Por isso, a vontade que Bento XVI manifestou em encontrar-se com figuras da cultura portuguesa demonstra uma disponibilidade assinalável. Não creio que a Igreja pretenda que as artes e o pensamento sejam ortodoxos ou catequéticos. Seria errado se pensasse assim. A arte e o pensamento incomodam, como deve incomodar o catolicismo, quando vivido como exigência e não como convenção. Este encontro, que retoma a magna reunião que ocorreu em Novembro, na Capela Sistina, convocou também agnósticos e crentes de outras religiões, pessoas com a evangélica "boa vontade", sem a qual nada se consegue. O que mais importa não é o renascimento de uma "arte cristã", conceito de utilidade duvidosa, mas sim a abertura dos criadores a uma ideia de beleza que é sempre, de algum modo, uma ideia religiosa.

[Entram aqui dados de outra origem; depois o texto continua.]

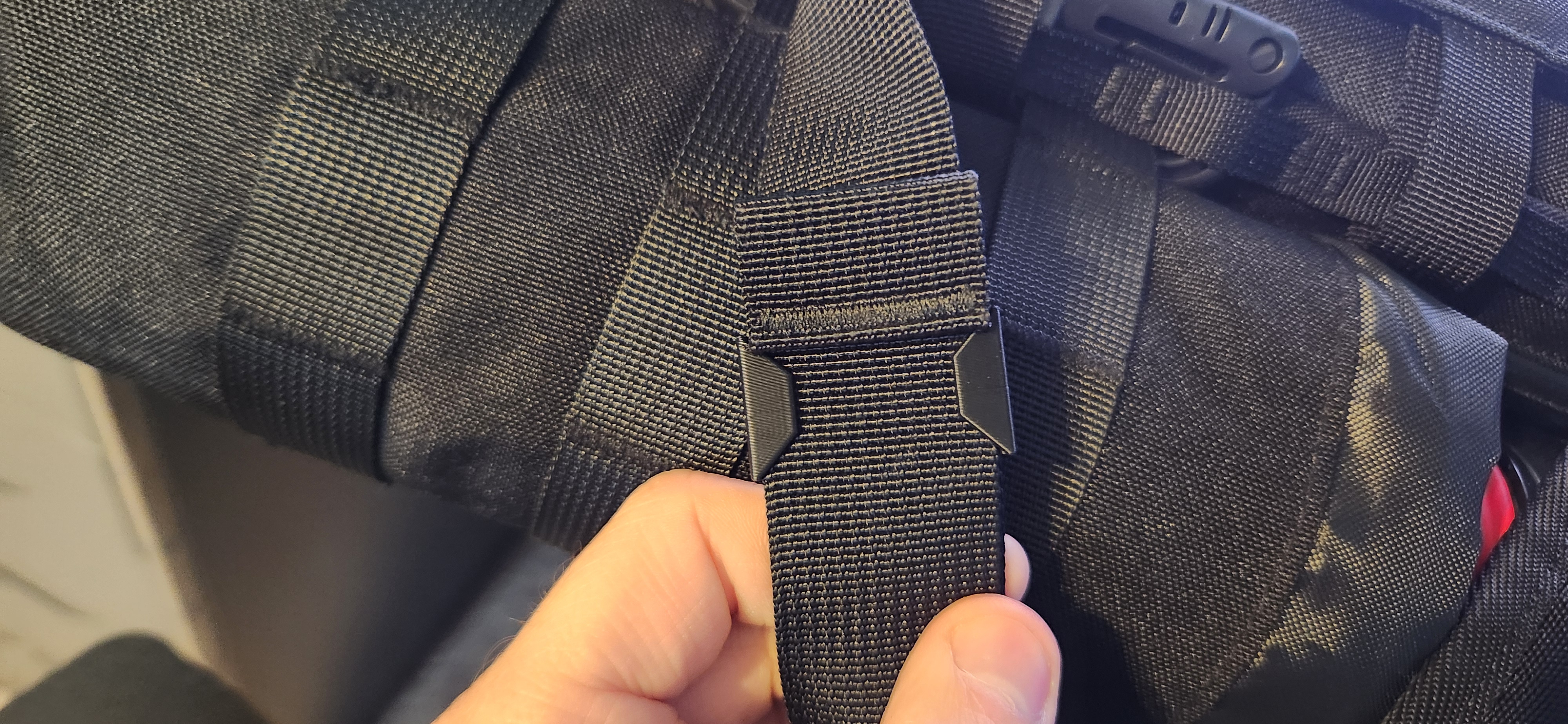 Miniatura 2 do modelo 3D LTT Backpack Strap Clip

Não foi por acaso que no seu discurso Bento XVI falou em "beleza" e em "verdade". Até os ateus mais convictos confessam com frequência que a beleza estética os transporta para uma dimensão enigmática e eterna. A arte inspirada pelo cristianismo sempre soube isso, de Bach a Bresson. Como escreveu um ensaísta contemporâneo: a criação supõe alguma coisa que está por detrás dela, uma alusão, uma suspeita, um fundamento, uma presença que não é fictícia ou presumida mas é uma "presença real". É também a essa forma oculta de beleza que chamamos "verdade".

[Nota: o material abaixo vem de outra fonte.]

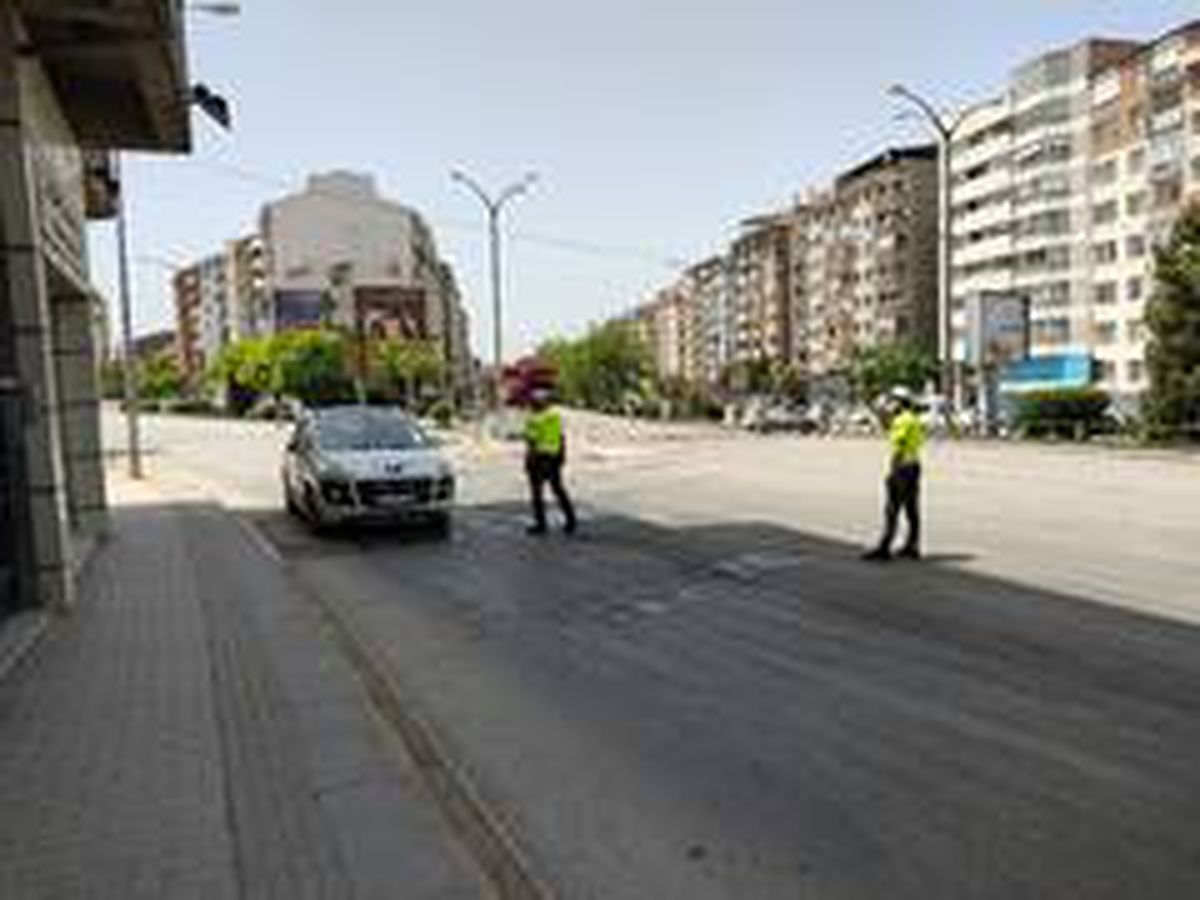 Polis ekipleri kontrollere ara vermiyor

Na mensagem lida pelo Papa, é sublinhado um aspecto central do tempo presente: o presente traz consigo séculos de história, dos quais não se pode fazer tábua rasa, como alguns pretendem; mas o momento actual deve ser também uma abertura para os tempos novos e futuros, ao contrário do que alguns temem. Não é o fetichismo do presente que nos deve ocupar, ou soprar de acordo com o vento; o que é fundamental é a continuidade histórica, a fidelidade às raízes, o sentido de comunidade, a construção de um destino pessoal e colectivo.

Quando Bento XVI disse "fazei coisas belas, mas sobretudo tornai as vossas vidas lugares de beleza" indicou que a cultura não se confunde com um adereço ou uma causa: é acima de tudo um diálogo e uma transformação. A criação humana é um espelho turvo, magnífico e inquieto de uma outra criação, aquela que escrevemos com maiúscula.